= INSTRUCTIONS FOR THE TASK =
The material below contains a line with "EXPRESS Black Stripe" and a line with "Detail Gallery Image". Copy exactly those two lines and all lines between them.

= DATASET RECORDS =
━━━━━━━━

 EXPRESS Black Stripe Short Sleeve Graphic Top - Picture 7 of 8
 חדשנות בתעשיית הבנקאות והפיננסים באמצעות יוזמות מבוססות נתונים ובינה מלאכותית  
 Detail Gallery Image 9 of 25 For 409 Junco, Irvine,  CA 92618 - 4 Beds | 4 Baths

━━━━━━━━

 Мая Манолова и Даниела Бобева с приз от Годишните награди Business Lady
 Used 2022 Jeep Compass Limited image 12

━━━━━━━━

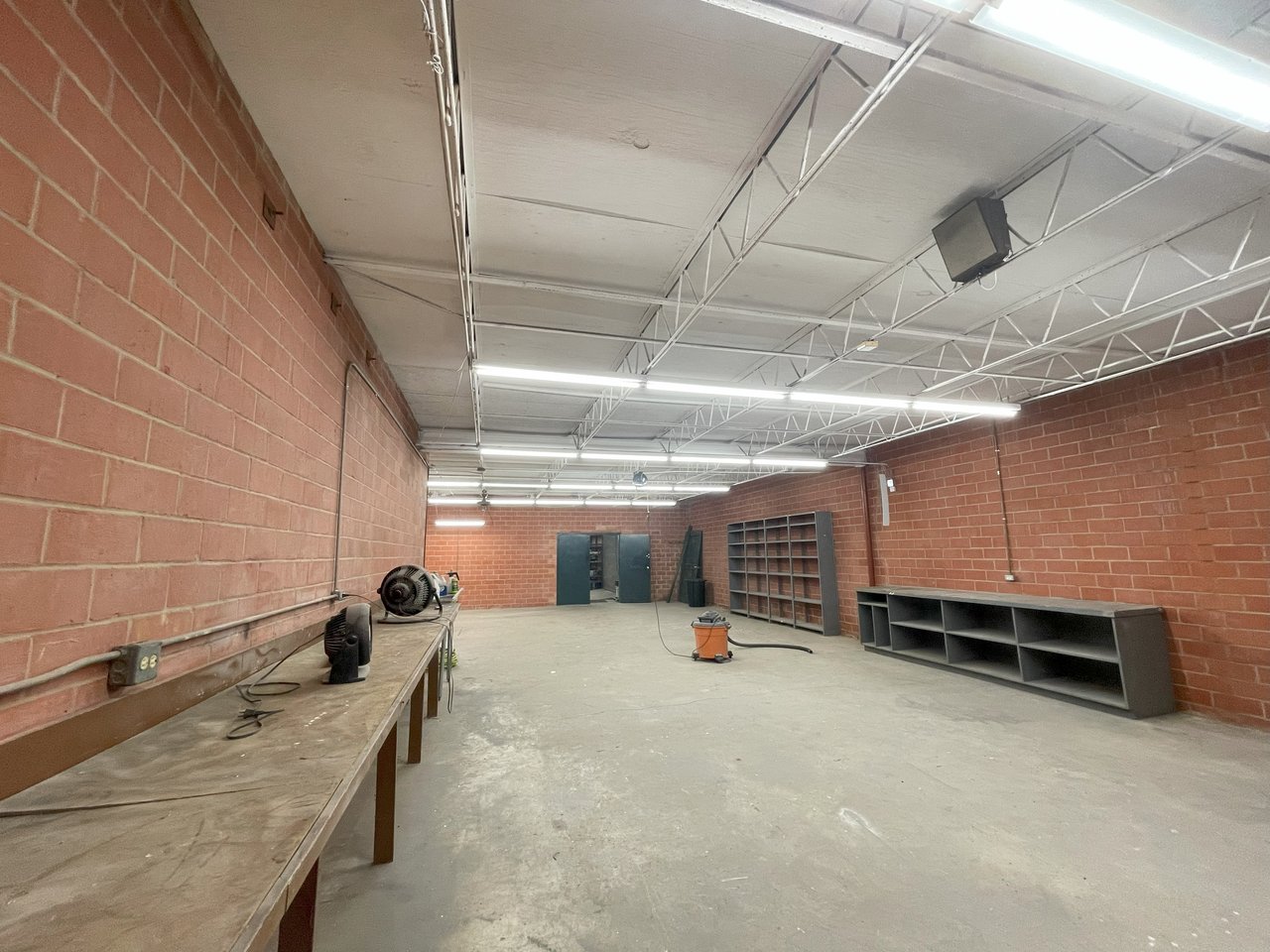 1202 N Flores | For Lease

━━━━━━━━

= WORKED SOLUTION =
 EXPRESS Black Stripe Short Sleeve Graphic Top - Picture 7 of 8
 חדשנות בתעשיית הבנקאות והפיננסים באמצעות יוזמות מבוססות נתונים ובינה מלאכותית  
 Detail Gallery Image 9 of 25 For 409 Junco, Irvine,  CA 92618 - 4 Beds | 4 Baths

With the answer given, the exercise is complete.